▸ **Problem requirements**
Go through the entries and copy every one exactly.

Caption-style text data:
>>
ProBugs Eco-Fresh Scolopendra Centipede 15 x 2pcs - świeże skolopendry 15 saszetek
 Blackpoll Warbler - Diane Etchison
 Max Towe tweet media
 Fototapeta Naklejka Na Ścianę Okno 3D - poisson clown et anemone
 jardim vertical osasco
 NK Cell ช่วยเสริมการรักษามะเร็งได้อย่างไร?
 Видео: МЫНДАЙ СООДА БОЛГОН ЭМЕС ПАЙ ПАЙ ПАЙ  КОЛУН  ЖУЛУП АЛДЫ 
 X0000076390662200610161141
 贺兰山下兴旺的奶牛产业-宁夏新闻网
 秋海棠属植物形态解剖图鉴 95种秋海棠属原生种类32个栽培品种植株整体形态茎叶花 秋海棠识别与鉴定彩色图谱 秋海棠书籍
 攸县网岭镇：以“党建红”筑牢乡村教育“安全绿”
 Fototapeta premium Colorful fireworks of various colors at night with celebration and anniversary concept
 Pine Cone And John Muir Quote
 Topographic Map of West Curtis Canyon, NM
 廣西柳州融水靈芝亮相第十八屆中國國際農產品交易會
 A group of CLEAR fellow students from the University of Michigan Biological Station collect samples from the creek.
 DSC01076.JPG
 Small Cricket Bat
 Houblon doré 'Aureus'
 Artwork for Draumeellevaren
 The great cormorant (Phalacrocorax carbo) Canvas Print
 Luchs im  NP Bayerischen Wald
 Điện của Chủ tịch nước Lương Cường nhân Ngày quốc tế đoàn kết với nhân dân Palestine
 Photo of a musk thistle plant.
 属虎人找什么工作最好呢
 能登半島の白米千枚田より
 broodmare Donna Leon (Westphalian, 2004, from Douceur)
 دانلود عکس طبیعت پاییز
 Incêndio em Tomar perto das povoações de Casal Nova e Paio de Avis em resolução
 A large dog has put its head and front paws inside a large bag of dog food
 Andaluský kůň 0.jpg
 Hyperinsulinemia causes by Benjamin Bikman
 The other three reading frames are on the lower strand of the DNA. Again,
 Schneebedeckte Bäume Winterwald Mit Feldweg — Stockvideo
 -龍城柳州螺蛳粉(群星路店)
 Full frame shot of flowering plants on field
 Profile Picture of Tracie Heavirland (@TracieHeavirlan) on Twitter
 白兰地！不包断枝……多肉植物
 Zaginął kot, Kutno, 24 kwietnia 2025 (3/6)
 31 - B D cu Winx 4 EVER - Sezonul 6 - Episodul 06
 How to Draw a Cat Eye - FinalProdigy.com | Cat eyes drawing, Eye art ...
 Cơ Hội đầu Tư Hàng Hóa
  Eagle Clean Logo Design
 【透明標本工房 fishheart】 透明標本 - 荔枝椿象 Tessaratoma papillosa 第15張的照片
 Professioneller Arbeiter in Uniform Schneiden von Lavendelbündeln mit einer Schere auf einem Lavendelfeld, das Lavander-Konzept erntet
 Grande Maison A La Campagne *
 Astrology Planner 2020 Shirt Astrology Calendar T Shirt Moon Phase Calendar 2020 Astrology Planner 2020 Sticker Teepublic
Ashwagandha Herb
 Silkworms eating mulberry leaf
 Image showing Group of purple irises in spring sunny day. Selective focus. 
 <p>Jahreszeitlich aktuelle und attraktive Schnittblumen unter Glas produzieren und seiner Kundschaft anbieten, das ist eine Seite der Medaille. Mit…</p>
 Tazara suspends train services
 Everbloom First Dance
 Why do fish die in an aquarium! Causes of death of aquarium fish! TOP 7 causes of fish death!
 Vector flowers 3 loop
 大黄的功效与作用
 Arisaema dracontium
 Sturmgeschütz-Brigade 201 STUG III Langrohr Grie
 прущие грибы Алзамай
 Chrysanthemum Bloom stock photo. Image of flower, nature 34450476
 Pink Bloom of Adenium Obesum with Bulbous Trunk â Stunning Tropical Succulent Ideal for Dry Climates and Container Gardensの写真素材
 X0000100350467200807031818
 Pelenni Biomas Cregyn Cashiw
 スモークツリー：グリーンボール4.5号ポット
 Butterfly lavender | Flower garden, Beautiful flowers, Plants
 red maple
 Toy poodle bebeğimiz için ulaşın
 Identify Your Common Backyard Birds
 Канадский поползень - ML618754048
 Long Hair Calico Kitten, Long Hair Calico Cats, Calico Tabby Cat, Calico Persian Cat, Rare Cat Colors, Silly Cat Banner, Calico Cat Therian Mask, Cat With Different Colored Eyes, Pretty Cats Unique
<<
▸ **Result of the exercise**
ProBugs Eco-Fresh Scolopendra Centipede 15 x 2pcs - świeże skolopendry 15 saszetek
 Blackpoll Warbler - Diane Etchison
 Max Towe tweet media
 Fototapeta Naklejka Na Ścianę Okno 3D - poisson clown et anemone
 jardim vertical osasco
 NK Cell ช่วยเสริมการรักษามะเร็งได้อย่างไร?
 Видео: МЫНДАЙ СООДА БОЛГОН ЭМЕС ПАЙ ПАЙ ПАЙ  КОЛУН  ЖУЛУП АЛДЫ 
 X0000076390662200610161141
 贺兰山下兴旺的奶牛产业-宁夏新闻网
 秋海棠属植物形态解剖图鉴 95种秋海棠属原生种类32个栽培品种植株整体形态茎叶花 秋海棠识别与鉴定彩色图谱 秋海棠书籍
 攸县网岭镇：以“党建红”筑牢乡村教育“安全绿”
 Fototapeta premium Colorful fireworks of various colors at night with celebration and anniversary concept
 Pine Cone And John Muir Quote
 Topographic Map of West Curtis Canyon, NM
 廣西柳州融水靈芝亮相第十八屆中國國際農產品交易會
 A group of CLEAR fellow students from the University of Michigan Biological Station collect samples from the creek.
 DSC01076.JPG
 Small Cricket Bat
 Houblon doré 'Aureus'
 Artwork for Draumeellevaren
 The great cormorant (Phalacrocorax carbo) Canvas Print
 Luchs im  NP Bayerischen Wald
 Điện của Chủ tịch nước Lương Cường nhân Ngày quốc tế đoàn kết với nhân dân Palestine
 Photo of a musk thistle plant.
 属虎人找什么工作最好呢
 能登半島の白米千枚田より
 broodmare Donna Leon (Westphalian, 2004, from Douceur)
 دانلود عکس طبیعت پاییز
 Incêndio em Tomar perto das povoações de Casal Nova e Paio de Avis em resolução
 A large dog has put its head and front paws inside a large bag of dog food
 Andaluský kůň 0.jpg
 Hyperinsulinemia causes by Benjamin Bikman
 The other three reading frames are on the lower strand of the DNA. Again,
 Schneebedeckte Bäume Winterwald Mit Feldweg — Stockvideo
 -龍城柳州螺蛳粉(群星路店)
 Full frame shot of flowering plants on field
 Profile Picture of Tracie Heavirland (@TracieHeavirlan) on Twitter
 白兰地！不包断枝……多肉植物
 Zaginął kot, Kutno, 24 kwietnia 2025 (3/6)
 31 - B D cu Winx 4 EVER - Sezonul 6 - Episodul 06
 How to Draw a Cat Eye - FinalProdigy.com | Cat eyes drawing, Eye art ...
 Cơ Hội đầu Tư Hàng Hóa
  Eagle Clean Logo Design
 【透明標本工房 fishheart】 透明標本 - 荔枝椿象 Tessaratoma papillosa 第15張的照片
 Professioneller Arbeiter in Uniform Schneiden von Lavendelbündeln mit einer Schere auf einem Lavendelfeld, das Lavander-Konzept erntet
 Grande Maison A La Campagne *
 Astrology Planner 2020 Shirt Astrology Calendar T Shirt Moon Phase Calendar 2020 Astrology Planner 2020 Sticker Teepublic
Ashwagandha Herb
 Silkworms eating mulberry leaf
 Image showing Group of purple irises in spring sunny day. Selective focus. 
 <p>Jahreszeitlich aktuelle und attraktive Schnittblumen unter Glas produzieren und seiner Kundschaft anbieten, das ist eine Seite der Medaille. Mit…</p>
 Tazara suspends train services
 Everbloom First Dance
 Why do fish die in an aquarium! Causes of death of aquarium fish! TOP 7 causes of fish death!
 Vector flowers 3 loop
 大黄的功效与作用
 Arisaema dracontium
 Sturmgeschütz-Brigade 201 STUG III Langrohr Grie
 прущие грибы Алзамай
 Chrysanthemum Bloom stock photo. Image of flower, nature 34450476
 Pink Bloom of Adenium Obesum with Bulbous Trunk â Stunning Tropical Succulent Ideal for Dry Climates and Container Gardensの写真素材
 X0000100350467200807031818
 Pelenni Biomas Cregyn Cashiw
 スモークツリー：グリーンボール4.5号ポット
 Butterfly lavender | Flower garden, Beautiful flowers, Plants
 red maple
 Toy poodle bebeğimiz için ulaşın
 Identify Your Common Backyard Birds
 Канадский поползень - ML618754048
 Long Hair Calico Kitten, Long Hair Calico Cats, Calico Tabby Cat, Calico Persian Cat, Rare Cat Colors, Silly Cat Banner, Calico Cat Therian Mask, Cat With Different Colored Eyes, Pretty Cats Unique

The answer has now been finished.